The United States holds a competitive advantage regarding its domestic supplies of affordable natural gas and natural gas liquids (NGLs), according to the American Chemistry Council.

The council studied 340 chemical industry investment projects valued at $204 billion and discovered companies from around the globe are investing in the United States. Out of the 340 projects, 56 percent had their capital investment completed or were under construction, 41 percent were in the planning phase, and 3 percent were either delayed or of unknown status.

The majority of the investments involve natural gas and NGLs for export. Other investments include factory re-starts expansions and new facilities.

A total of 70 percent of the investments originated with firms based outside the United States or domestic firms that include a foreign partner.

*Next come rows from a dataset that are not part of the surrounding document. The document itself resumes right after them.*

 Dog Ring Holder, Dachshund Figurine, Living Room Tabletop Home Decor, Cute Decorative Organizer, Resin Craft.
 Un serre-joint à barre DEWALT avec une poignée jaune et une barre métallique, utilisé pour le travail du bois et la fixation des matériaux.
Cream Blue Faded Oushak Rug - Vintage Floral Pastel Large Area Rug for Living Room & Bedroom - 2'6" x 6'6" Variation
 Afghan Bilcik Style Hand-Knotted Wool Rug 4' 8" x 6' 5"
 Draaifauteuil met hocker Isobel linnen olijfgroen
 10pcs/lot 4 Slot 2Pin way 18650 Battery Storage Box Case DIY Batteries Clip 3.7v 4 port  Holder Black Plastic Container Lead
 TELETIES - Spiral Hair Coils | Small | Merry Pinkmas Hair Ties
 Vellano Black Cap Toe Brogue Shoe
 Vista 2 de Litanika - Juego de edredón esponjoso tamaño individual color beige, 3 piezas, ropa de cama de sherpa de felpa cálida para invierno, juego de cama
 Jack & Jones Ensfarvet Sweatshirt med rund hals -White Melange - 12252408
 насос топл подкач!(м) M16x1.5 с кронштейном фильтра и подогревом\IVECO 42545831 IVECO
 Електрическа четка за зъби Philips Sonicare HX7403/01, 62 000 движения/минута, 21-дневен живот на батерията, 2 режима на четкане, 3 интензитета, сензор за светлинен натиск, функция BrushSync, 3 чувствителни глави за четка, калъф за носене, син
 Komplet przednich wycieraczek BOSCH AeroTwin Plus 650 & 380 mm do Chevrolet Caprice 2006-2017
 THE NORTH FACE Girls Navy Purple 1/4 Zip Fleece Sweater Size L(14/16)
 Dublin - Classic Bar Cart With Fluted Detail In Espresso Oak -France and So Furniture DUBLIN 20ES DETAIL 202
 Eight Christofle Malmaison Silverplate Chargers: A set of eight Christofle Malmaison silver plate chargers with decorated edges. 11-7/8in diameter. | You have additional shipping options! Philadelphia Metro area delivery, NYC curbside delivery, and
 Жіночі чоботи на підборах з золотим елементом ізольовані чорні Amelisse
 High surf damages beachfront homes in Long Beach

Recently, increased industry output has increased the availability of ethane, an NGL, and has lowered natural-gas prices.

The council examined the permanent economic impacts of increased output and made a forecast for the number of jobs created and output increases from 2010 to 2025.

Output is forecasted to total $292.2 billion, while the industry is expected to support 785,784 direct and indirect jobs with a payroll totaling $57.2 billion.

In Pennsylvania, the chemical and petrochemical industry generates more than $1 billion in annual taxes, according to the Pennsylvania Chemical Industry Council, and supports more than 80,000 workers. The industry is valued at $24 billion in the state.

The affordability and accessibility of domestic natural gas and NGL supplies, as well as the robustness of the market, are influenced by government policies, according to the American Chemistry Council.

These policies include ensuring a timely, transparent, and efficient regulatory permitting process for manufacturing projects and investments; continuing responsible, state-based regulations that avoid undue restrictions on production; expediting the building of infrastructure, such as pipelines to transport supplies; expanding access to foreign markets for U.S. goods; and allowing access to oil and natural gas reserves on federal, state, and private lands.

The American Chemistry Council study is an update of the organization’s 2013 report, “Shale Gas, Competitiveness, and New U.S. Chemical Industry Investment – An Analysis of Announced Projects.” The report analyzed 97 potential projects valued at $72 billion that had been announced from 2010 until March 2013.